Dogs will pretty much destroy any ground covering you put down. Grass is the only thing that I've had any luck with, there are shade-loving varieties you could try.

If the yard is really small, maybe pavers?

What is Blue Stone?


----------



## Sophiamve (Aug 5, 2012)

Oh backyard is completely flat, and we were thinking gravel but I'm not sure that will be comfortable for the dog to relax on during the summer. We could look into the grass more, it's just hard because basically no sunlight reaches the grass and it rains a lot. We have a Greenbelt around our house that leads to a big forest. 

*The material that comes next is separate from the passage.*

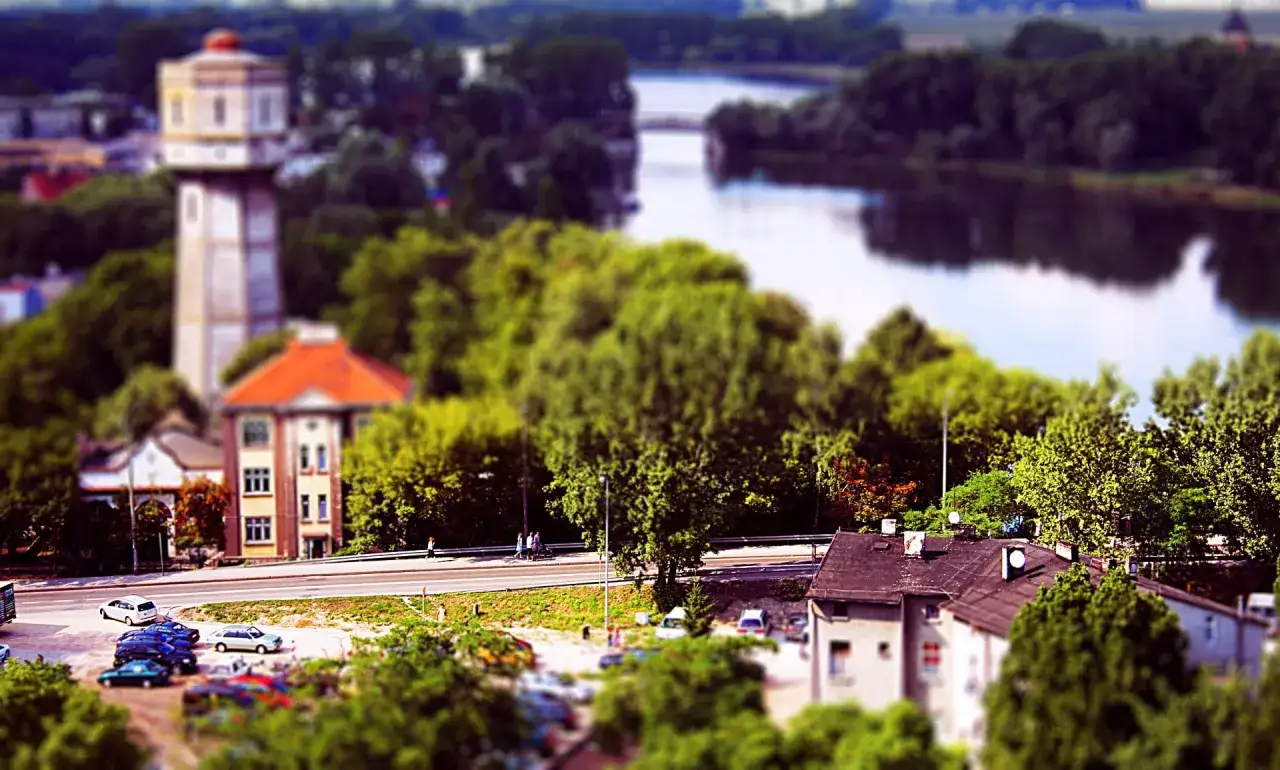 Widok na wieżę ciśnień, budynki i rzekę w Kruszwicy.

Sent from Petguide.com Free App


----------



## Malachi'sMama (Jun 10, 2013)

Not sure about ground covering, but I,too have a lot of shade in my yard. I put a lot of monkey grass around my fence line and Malachi LOVES it. He loves to 'wade' through it, and loves to potty in it too, which is fine with me since it essentially 'disappears' into it and ends up as fertilizer lol. It does well in shade, and grows quickly. Just a thought. Wish I could offer better advice.


----------



## NancyJ (Jun 15, 2003)

The cedar mulch playground chips have held up well for us. Regular mulch breaks down to fast. It has been a virtual rain forest here this summer. The chips need a flat yard.


----------



## ozzymama (Jan 17, 2005)

Here's something I only found out - you can buy grass seed from sod companies. We have a yard behind the house which was a pit - it's where the septic is and has many trees and gets maybe an hour of sun a day. The previous owners were sorta like hoarders, but it was metal and car parts, it took my gardeners about 8 hours to clean that area and I think it was 30 bags of garbage - this is after we had closed and lived here 3 months. I bought shade mix from the local co-op store (feed and ag supply place) it was from one of the local sod farms, let my 2 year old spread it  I was working in the garden and needed to keep her busy for 10 minutes, now I have a great lawn, we have a high water table so I'm literally mowing every 4 days. I had thought of pea gravel in that area, but decided to cheap out and try grass. Infact all my lawns (corner lot, so front, two sides and rear) are doing fantastic. I've bought tons of grass seed and fertilizers over the years and honestly this seed is the best - obviously because a sod farm has to have seed that will grow specifically in that particular part of the province. If I can figure out how to capture a still shot off google earth, I can show you the difference, because it is substantial, what in November was a junk yard, is now an enviable lawn.


----------



## Shade (Feb 20, 2012)

Personally we have had good success with grass, we had a section right beside the deck stairs coming off the house that was just dirt. It was very damp and dark and all the grass had died and the dogs would just be tracking mud and dirt into the house constantly.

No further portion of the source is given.